Oh look, it’s Bárbara Mori! I’ve been forever wondering what the heck happened to her after Rubí reached the end of its run back in 2004. Perhaps there really is nowhere else to go but down once your career has peaked. The good news is that this new film project of hers topped the Mexican box office on its week of release, and she doesn’t even seem to have aged a single day since 2004. It would be a good idea for her to run back to Televisa right now. Maybe they’ll ask her to headline a new telenovela. You never know!
But the premise of this film is not new at all. It’s like a Mexican version of Bridget Jones’ Diary. You have a woman somewhere in her 30’s contemplating on what she wants to do with her life. In short, quarter life crisis! Or does this already qualify as midlife? What is the average life expectancy in Mexico for women, anyway? These movies don’t really have a thesis to present. What they do is give women the assurance that they are not alone in their dilemma. This social phenomenon, this pressure on getting married and settling down, appears to be a common trend in many societies. The genre would not be this saturated, otherwise.
The plot doesn't deviate much from previous movies of the same genre either. You have the guy best friend who is secretly in love with her. You have the married gal best friend who thinks getting hitched is for everyone, so she ends up introducing her to every guy she knows. You have the poking-fun-at-Tinder scene, which is kind of new, in fairness. You have the supposedly no strings attached sex where she wants to connect emotionally, but the other party is not on the same page. And of course, you also have the scene where she declares that she is a strong single lady who doesn’t need a man, and then she heads to the nearest adult toy shop to buy a vibrator. I guess they are all taking notes from the same chick flick handbook.

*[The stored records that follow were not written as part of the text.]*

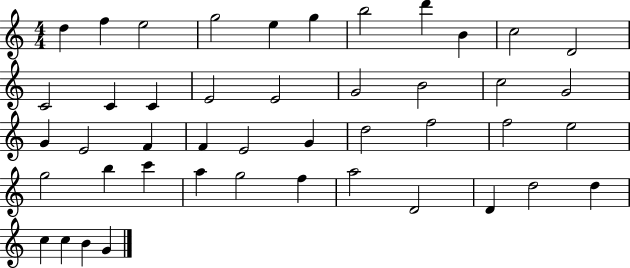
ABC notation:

X:1
T:Untitled
M:4/4
L:1/4
K:C
d f e2 g2 e g b2 d' B c2 D2 C2 C C E2 E2 G2 B2 c2 G2 G E2 F F E2 G d2 f2 f2 e2 g2 b c' a g2 f a2 D2 D d2 d c c B G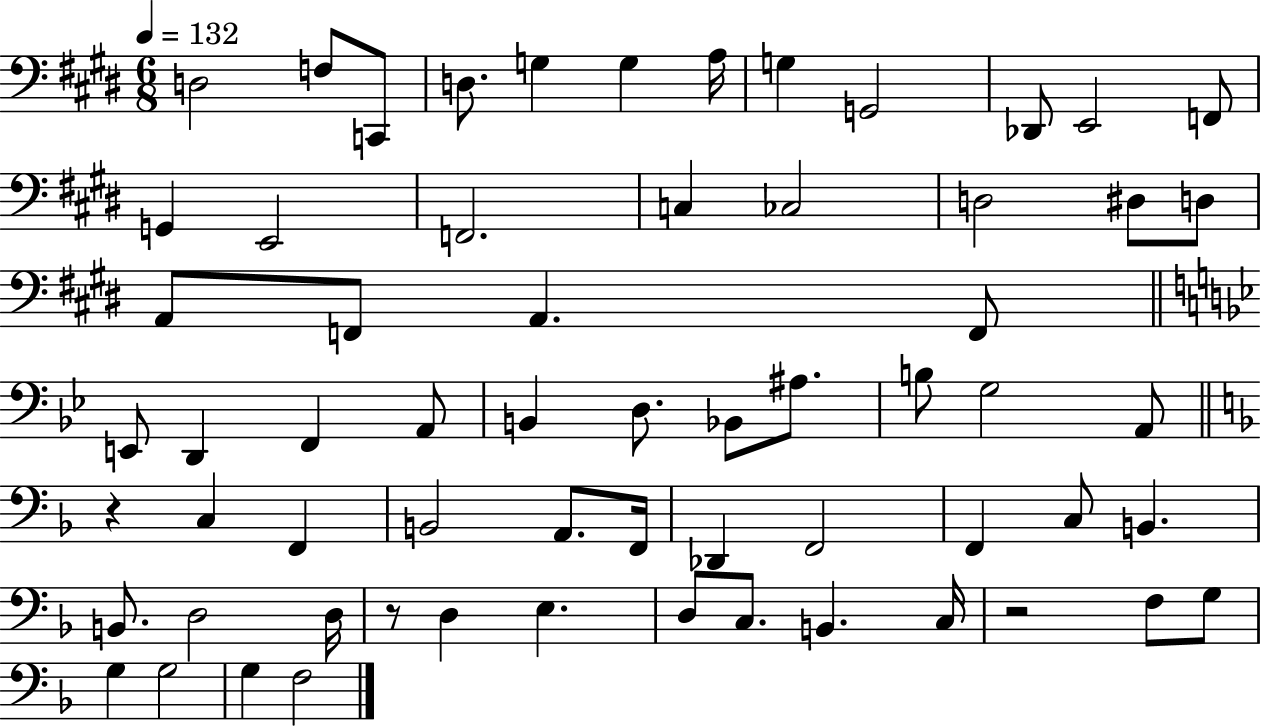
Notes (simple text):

D3/h F3/e C2/e D3/e. G3/q G3/q A3/s G3/q G2/h Db2/e E2/h F2/e G2/q E2/h F2/h. C3/q CES3/h D3/h D#3/e D3/e A2/e F2/e A2/q. F2/e E2/e D2/q F2/q A2/e B2/q D3/e. Bb2/e A#3/e. B3/e G3/h A2/e R/q C3/q F2/q B2/h A2/e. F2/s Db2/q F2/h F2/q C3/e B2/q. B2/e. D3/h D3/s R/e D3/q E3/q. D3/e C3/e. B2/q. C3/s R/h F3/e G3/e G3/q G3/h G3/q F3/h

But don’t we all reach that point in life? I mean, the repetitive questioning of our purpose, not purchasing a sex toy. The pressure is greater for women because they are always reminded about their body clock and having babies, while men can just slack it off because andropause kicks in way later in life. Being a bachelor is cool. Being an old maid is frowned upon. But enjoying this film doesn’t really require consulting your hormonal activities as a prerequisite. Here, you just watch someone older deal with life and take charge. Think of it as pointers for when you reach the same age and find yourself stuck in the same situation. Your career, love life, dreams, or lack thereof, will all be screaming for attention. And then you learn later on that nobody really ever knows what he’s doing and that everyone is just winging it. LIFE!
Perhaps the main difference is the film’s ending, which veered away from the predictable and opted for something more open to interpretation. Or maybe that is the very argument that I am looking for. Sometimes, in life, you need to take a break. The thing is, there is no pause button. How convenient would it be if there was one, right? That’s where the pressure comes from, because you know that the world will not stop revolving while you sulk. It's that fear of losing out that keeps us paranoid, really. When you realize that it is not a competition and that the race for the perfect life is non-existent, that’s when everything starts to get better. Not all of us follow the same rhythm. Not everyone jives to the same beat. By all means, find your own.